GOAL OF THE EXERCISE: Retype, without changes or pictures, only the lines that begin at the one containing "Рейтинг агентств определяет" and end at the last line of the records that follow.

Data records:

☆ ☆ ☆

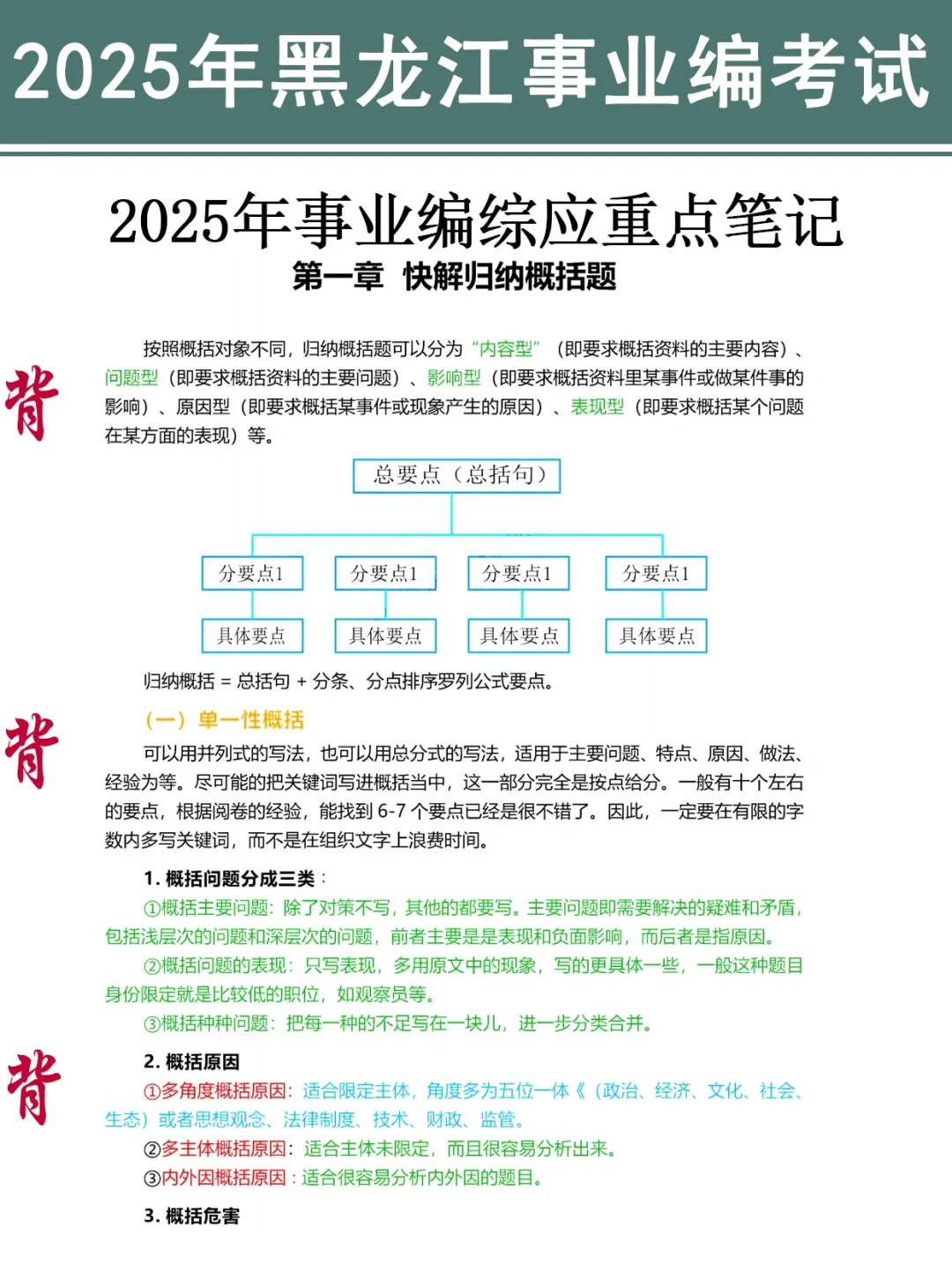友情提醒：黑龙江事业编别裸考！背完保底120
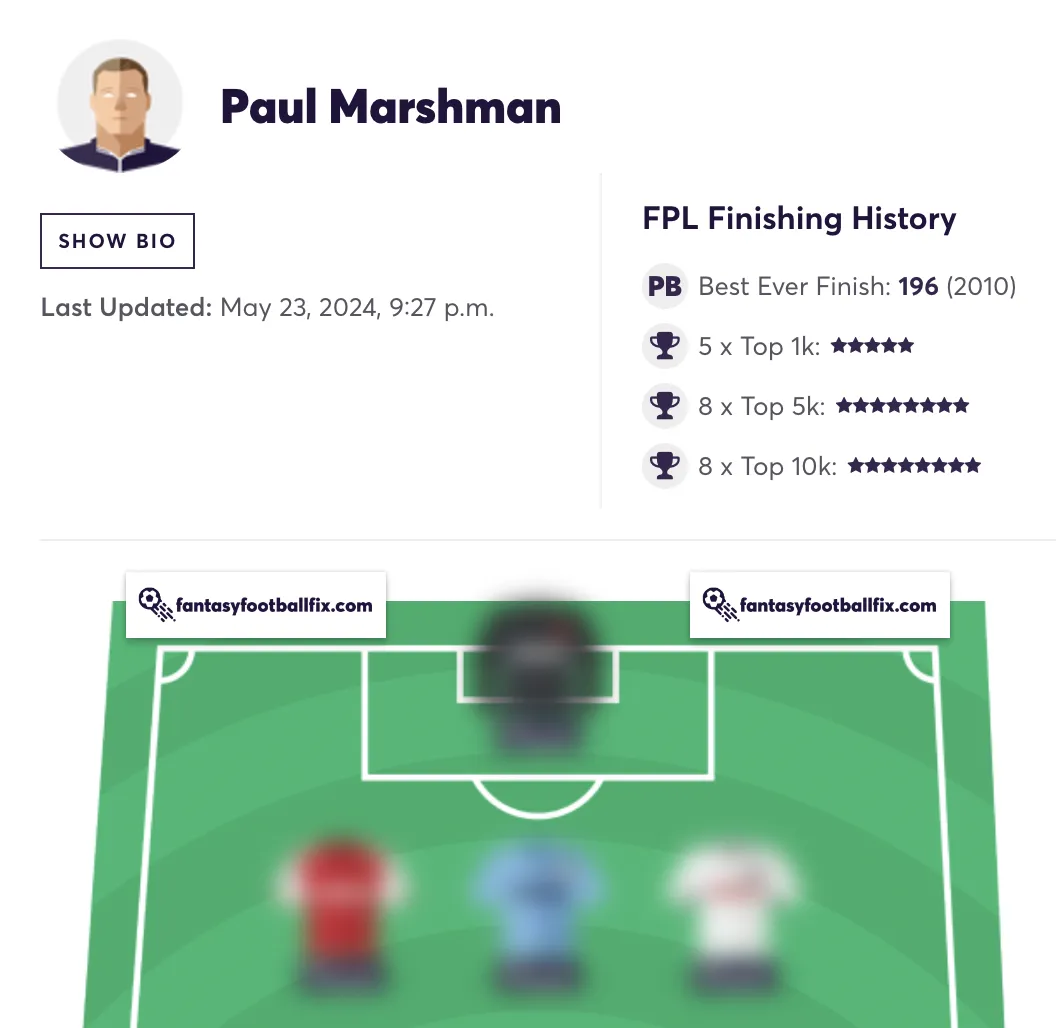 Fantasy Premier League team reveal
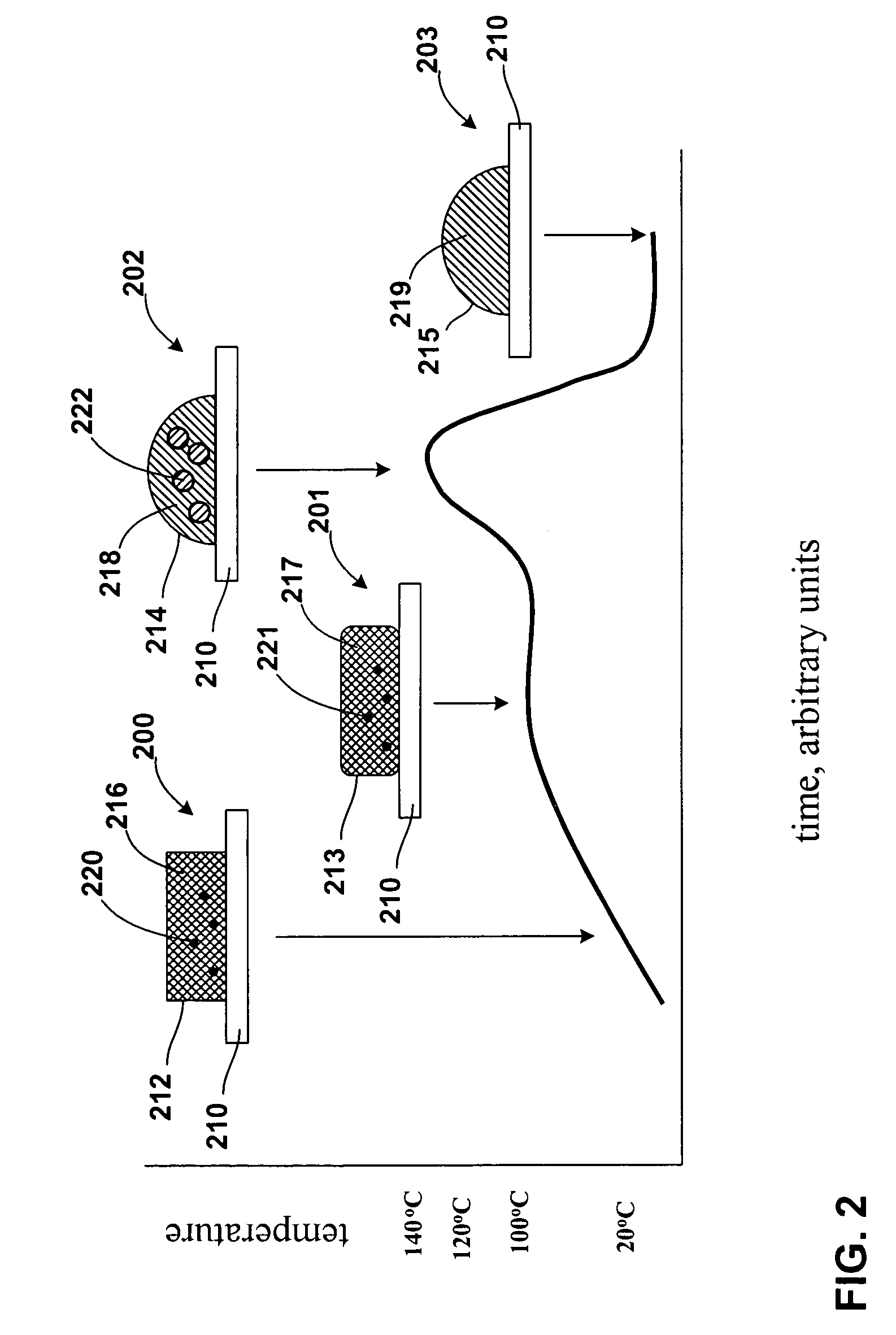 Low melting-point solders, articles made thereby, and processes of making same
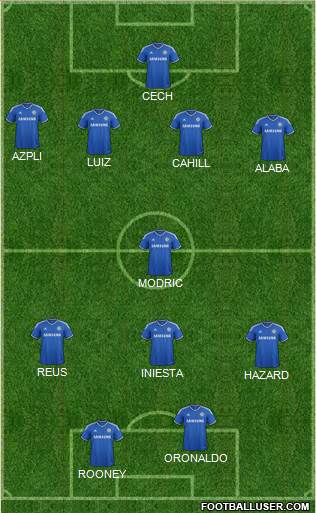 Chelsea Formation 2014
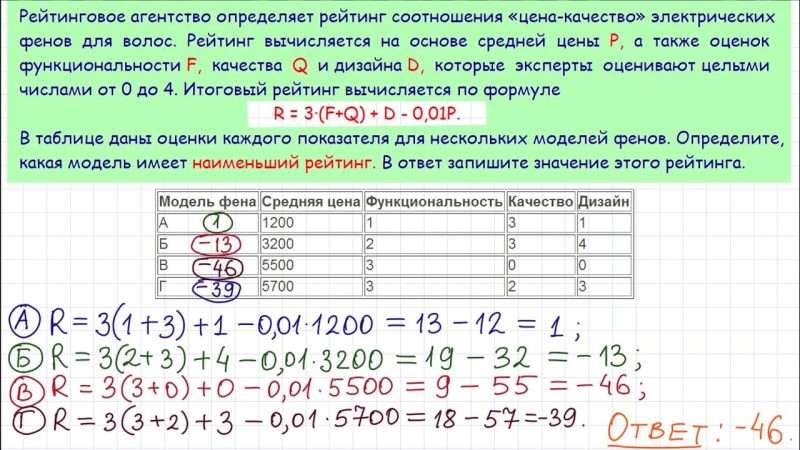 Рейтинг агентств определяет рейтинги автомобилей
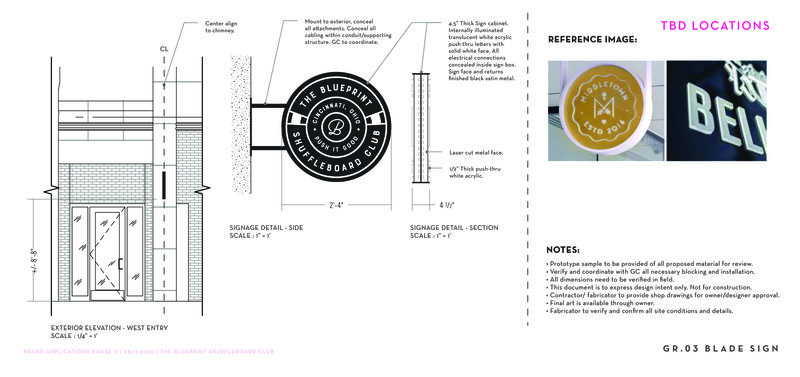 Blueprint_Applications_Phase II_Final14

☆ ☆ ☆

ANSWER BOX:
 Рейтинг агентств определяет рейтинги автомобилей
 Blueprint_Applications_Phase II_Final14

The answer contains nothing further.